I need the records below restated word for word, without their pictures.

> _Provided material_
-------------------------

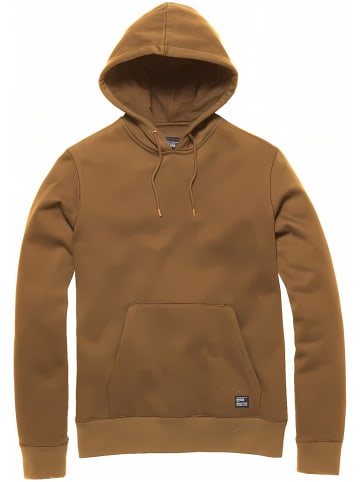 Vintage Industries Hoodie in Braun
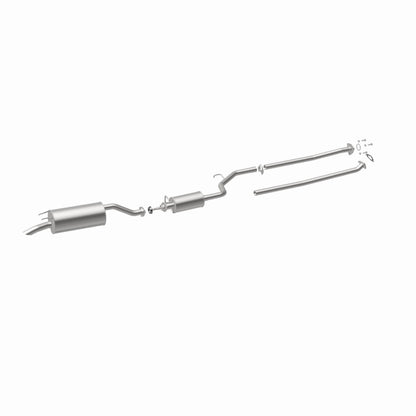 MagnaFlow BRE Exhaust Kit 14-15 Honda Civic 1.8L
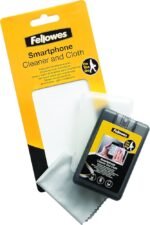 Fellowes 9910601 Smart Phone Cleaner and Microfiber Cloth Kit 16MFC0002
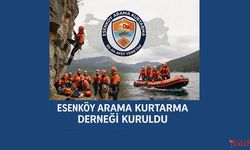 Esenköy ESAK ile Afetlere Hazır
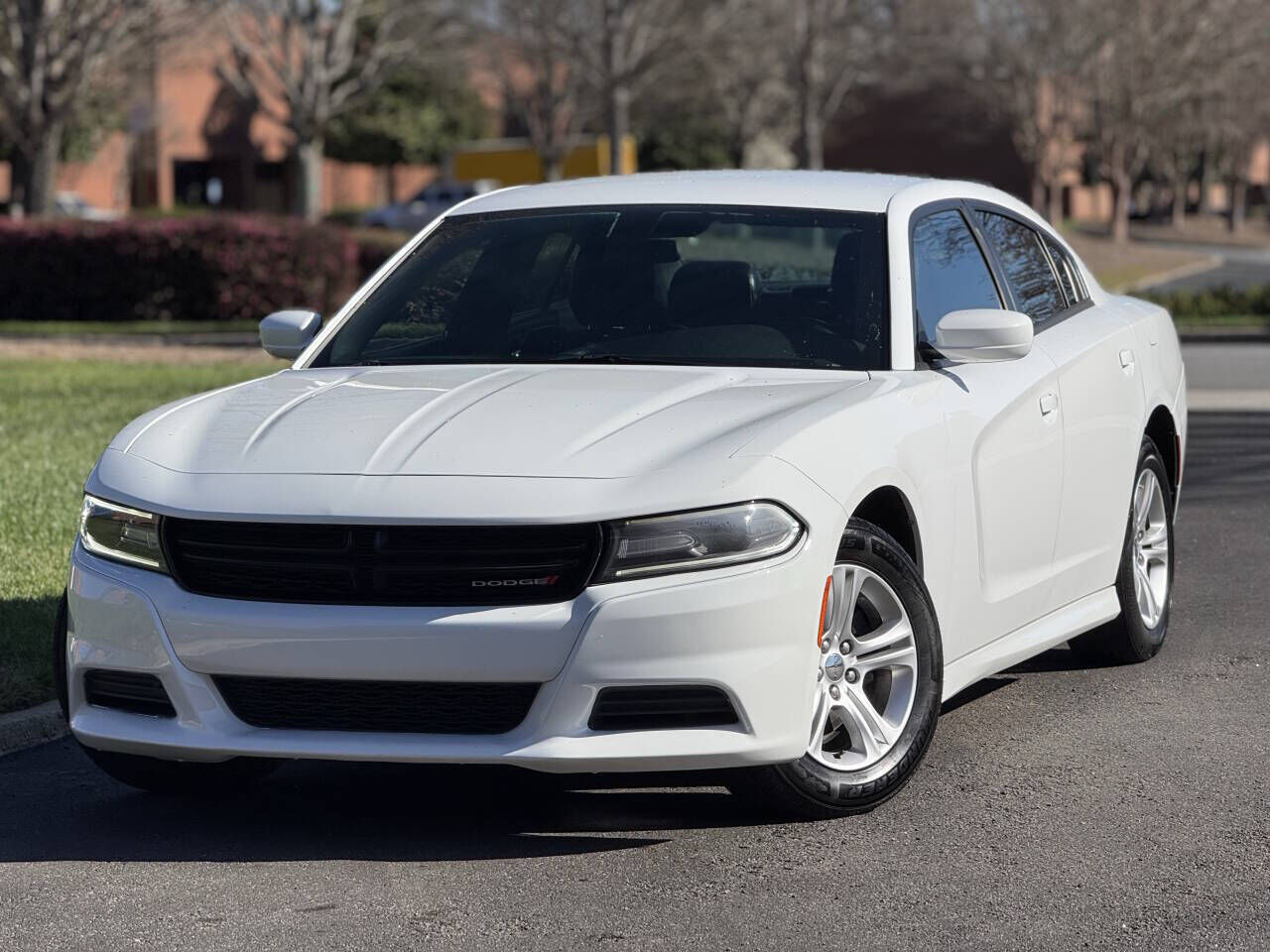 2019 DODGE Charger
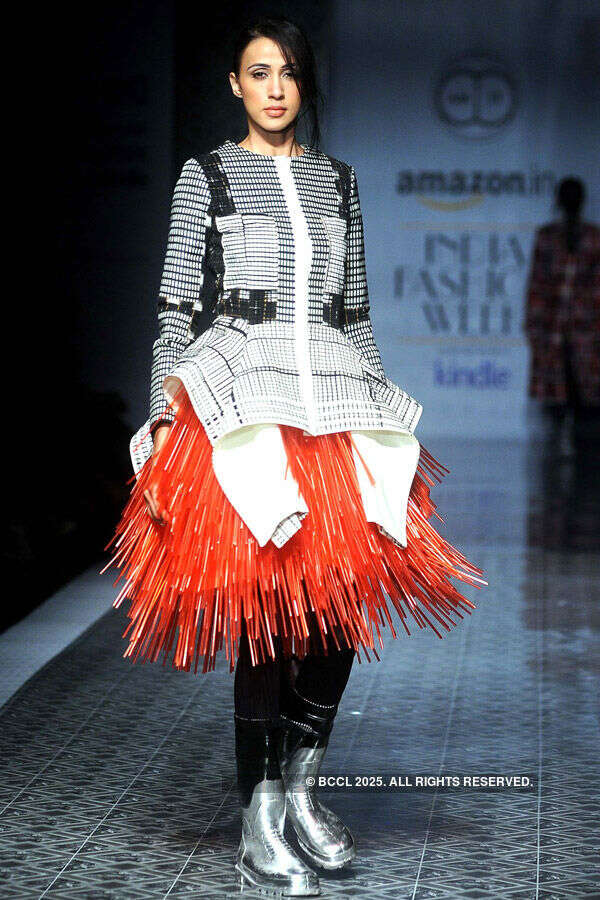 AIFW '15: Day 2: Amit Aggarwal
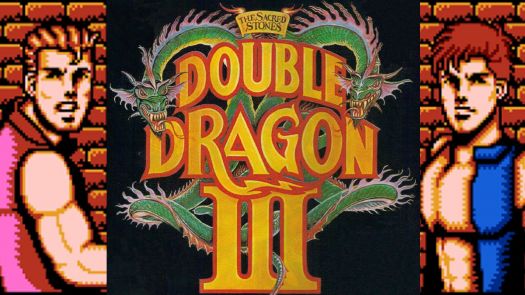 Double Dragon 3 - The Sacred Stones [T-Span1.0]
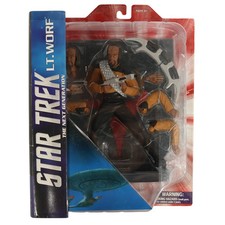 Lt. Worf - Star Trek TNG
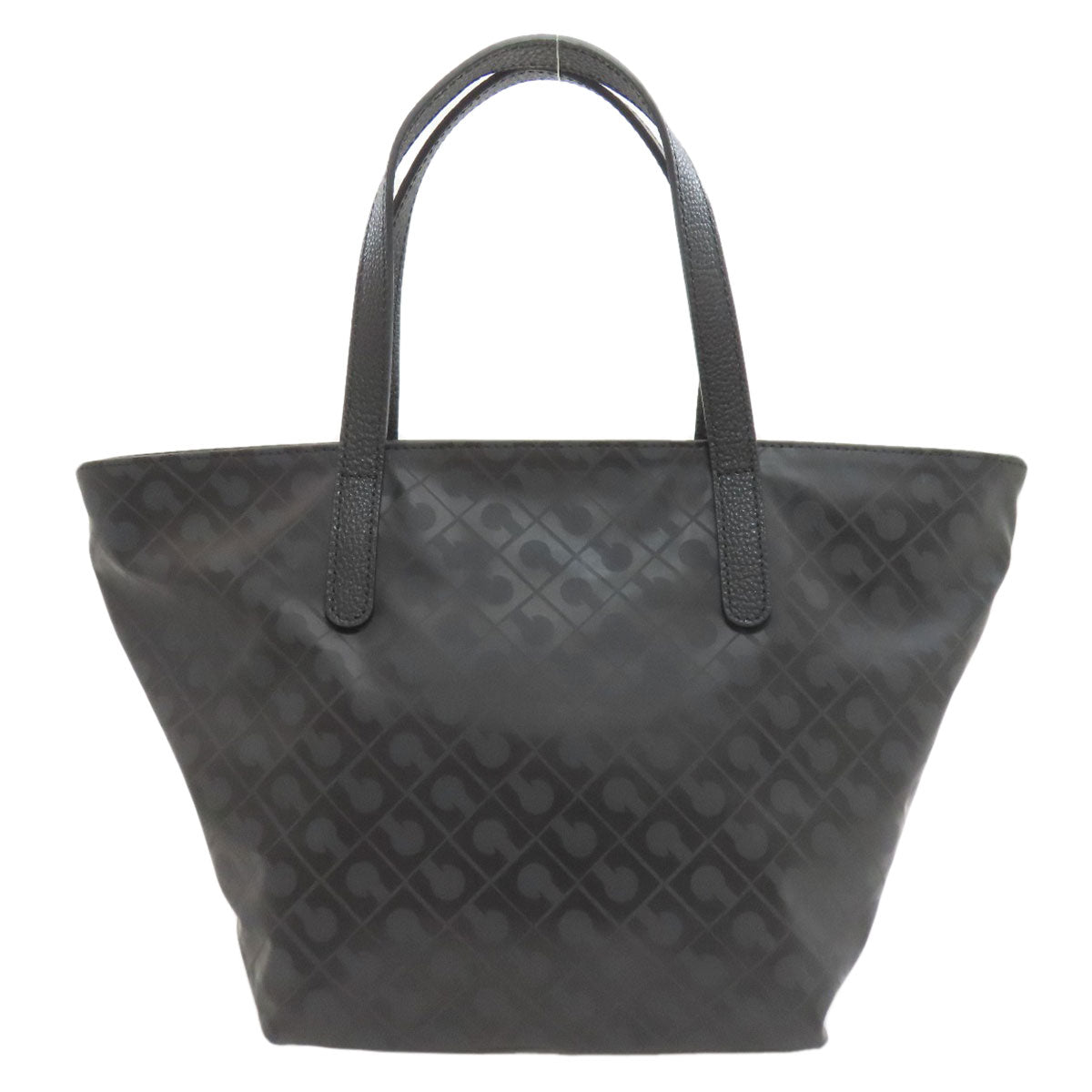 GHERARDINI Logo motif softy Handbag Polyester Polyurethane coatingLadies [Used]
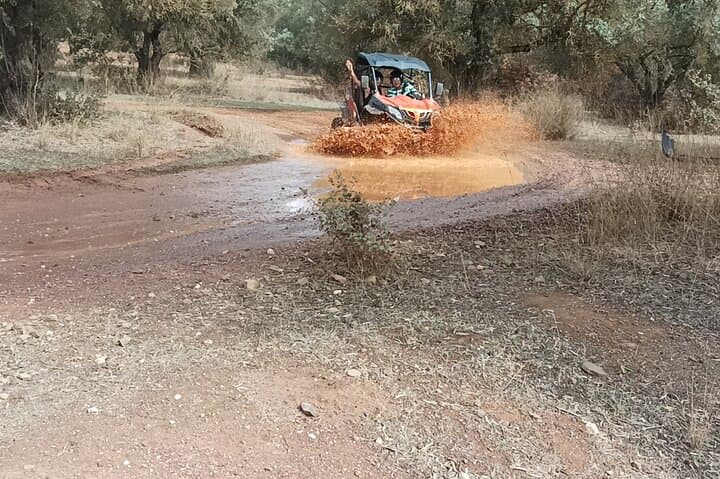 Half-Day Off-Road Buggy Expedition from Albufeira — Paderne Castle & Algarve Countryside photo 6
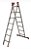 Escada Botafogo Extensivel Alum 7 Deg 1,84X3,18m - Imagem 1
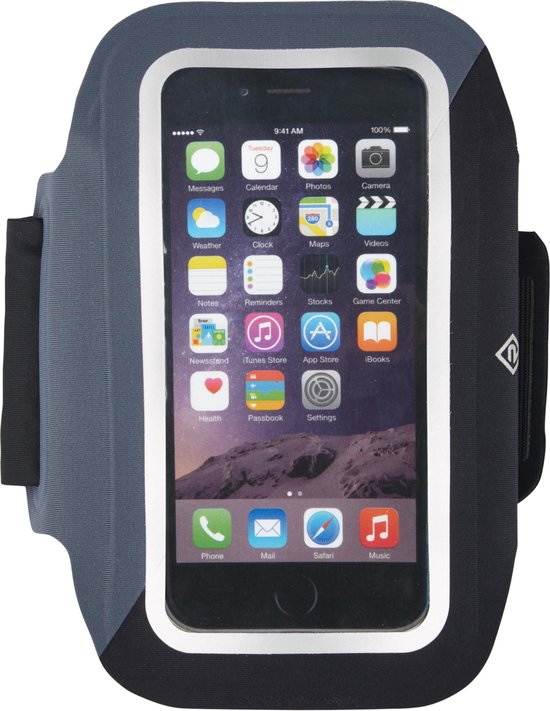 Large Phone Armband/ Telefoonhouder - merk Ronhill | bol.com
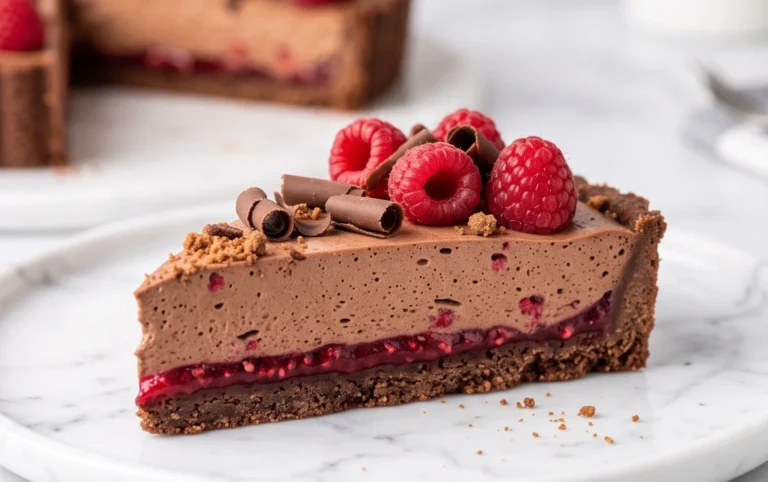 Himnon-alcoholic beermousse Schoko Cookie Tarte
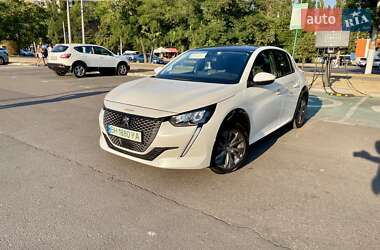 Хетчбек Peugeot 208 2020 в Одесі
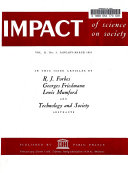 Impact of Science on Society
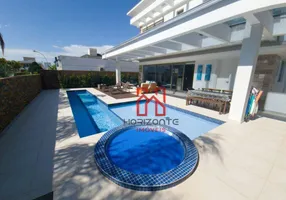 Foto 1 de Casa com 5 Quartos à venda, 494m² em Jurerê Internacional, Florianópolis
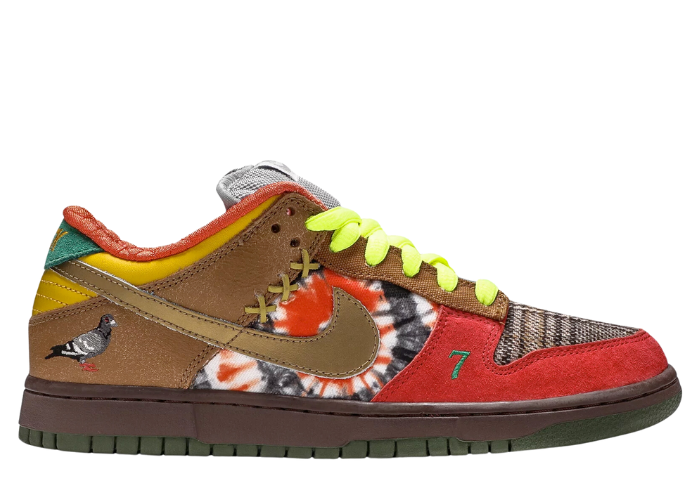 Nike SB Dunk Low What the Dunk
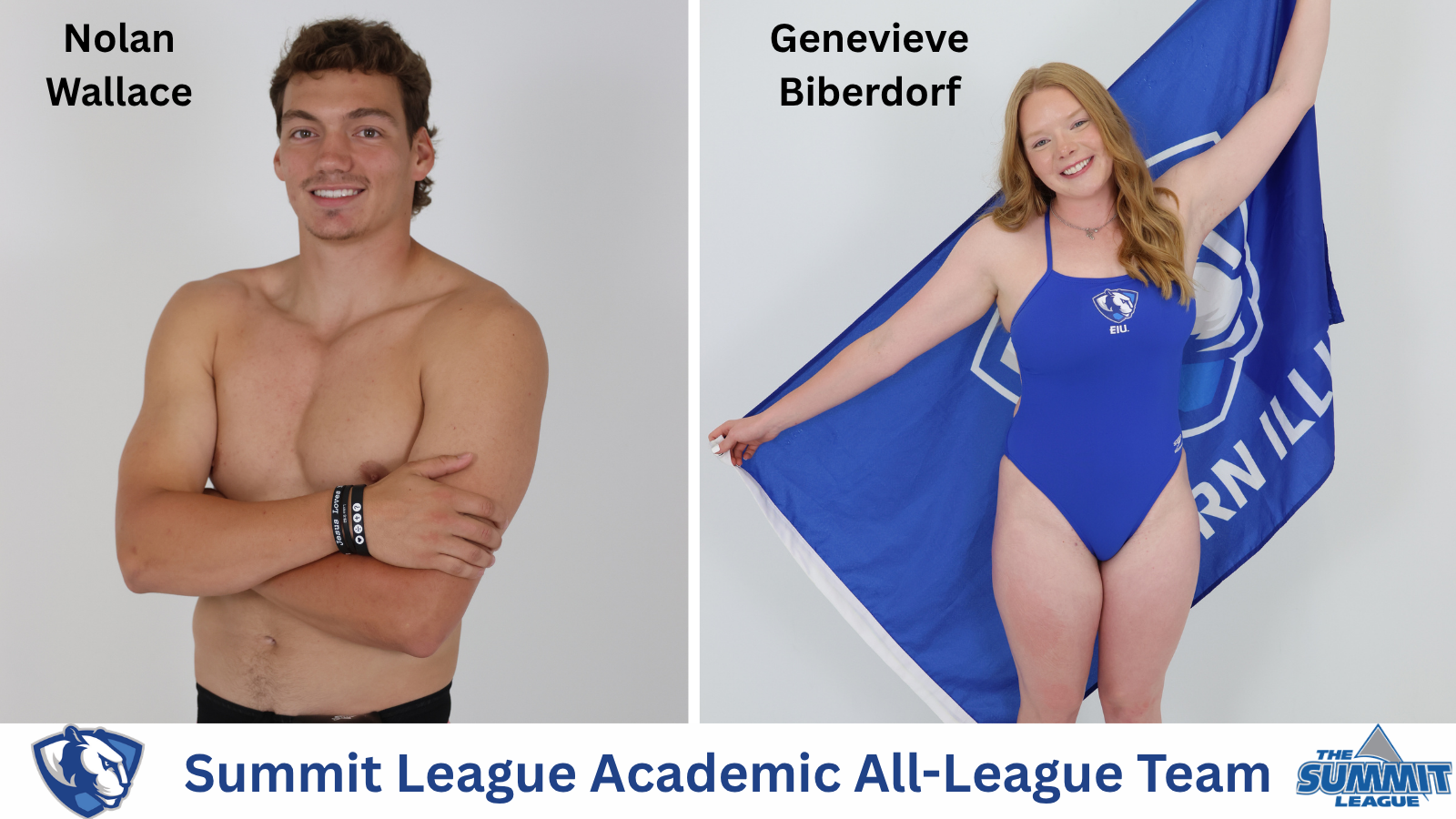 Nolan & Genevieve All-Academic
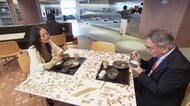 「食べる場所」から「つながる場所」へ　“食べるだけじゃない”進化形社食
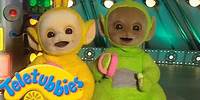 Teletubbies | Laa Laa & Dipsy's Fun Day Together! | Shows for Kids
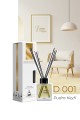 ODA KOKUSU D-001 PUDRA KEYFİ ODA KOKUSU D-001 PUDRA KEYFİ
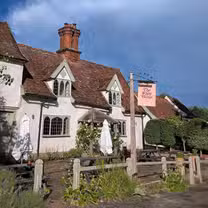 Foto von White Horse Restaurant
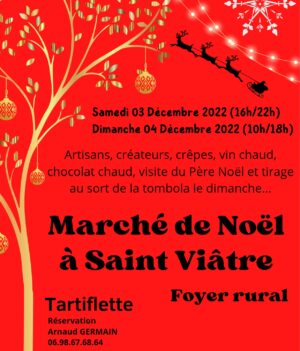 Marché de Noël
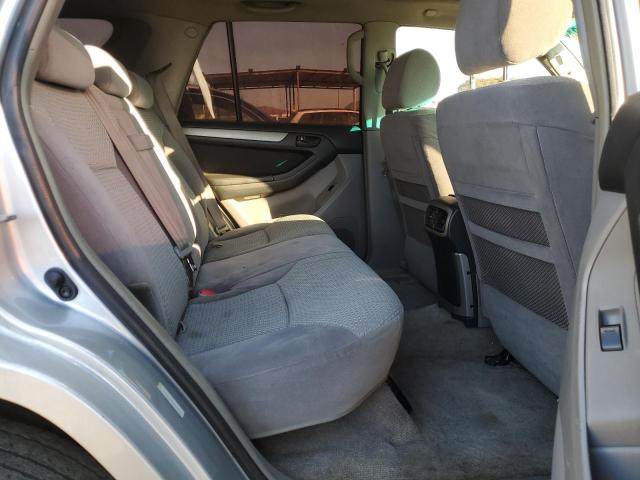 Photo 11 from auction – 2005 TOYOTA 4RUNNER SR with VIN JTEZU14R658024897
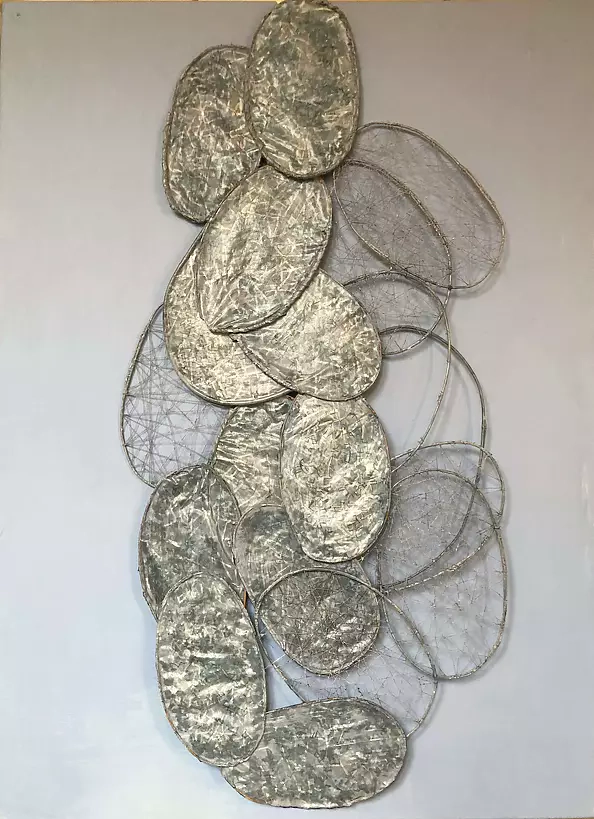 Danuta Czyżyk - Nature space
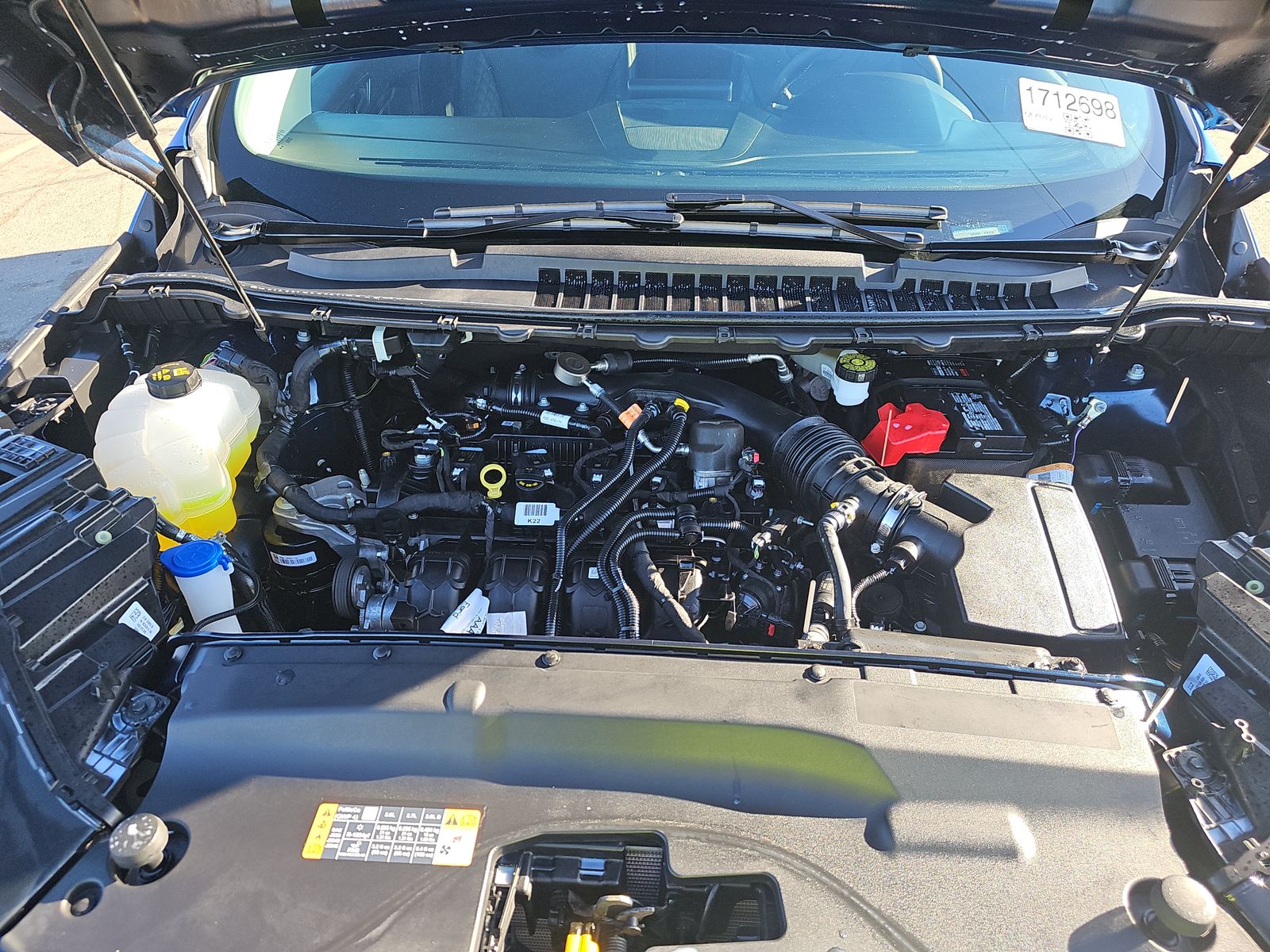 2024 Ford Edge Titanium AWD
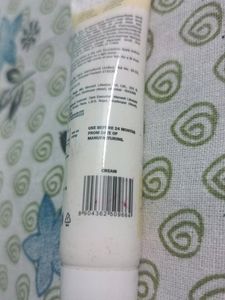 Ny Bae Strobe Cream Gold Sapphire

-------------------------

> _Answer box_
 Vintage Industries Hoodie in Braun
 MagnaFlow BRE Exhaust Kit 14-15 Honda Civic 1.8L
 Fellowes 9910601 Smart Phone Cleaner and Microfiber Cloth Kit 16MFC0002
 Esenköy ESAK ile Afetlere Hazır
 2019 DODGE Charger
 AIFW '15: Day 2: Amit Aggarwal
 Double Dragon 3 - The Sacred Stones [T-Span1.0]
 Lt. Worf - Star Trek TNG
 GHERARDINI Logo motif softy Handbag Polyester Polyurethane coatingLadies [Used]
 Half-Day Off-Road Buggy Expedition from Albufeira — Paderne Castle & Algarve Countryside photo 6
 Escada Botafogo Extensivel Alum 7 Deg 1,84X3,18m - Imagem 1
 Large Phone Armband/ Telefoonhouder - merk Ronhill | bol.com
 Himnon-alcoholic beermousse Schoko Cookie Tarte
 Хетчбек Peugeot 208 2020 в Одесі
 Impact of Science on Society
 Foto 1 de Casa com 5 Quartos à venda, 494m² em Jurerê Internacional, Florianópolis
 Nike SB Dunk Low What the Dunk
 Nolan & Genevieve All-Academic
 「食べる場所」から「つながる場所」へ　“食べるだけじゃない”進化形社食
 Teletubbies | Laa Laa & Dipsy's Fun Day Together! | Shows for Kids
 ODA KOKUSU D-001 PUDRA KEYFİ ODA KOKUSU D-001 PUDRA KEYFİ
 Foto von White Horse Restaurant
 Marché de Noël
 Photo 11 from auction – 2005 TOYOTA 4RUNNER SR with VIN JTEZU14R658024897
 Danuta Czyżyk - Nature space
 2024 Ford Edge Titanium AWD
 Ny Bae Strobe Cream Gold Sapphire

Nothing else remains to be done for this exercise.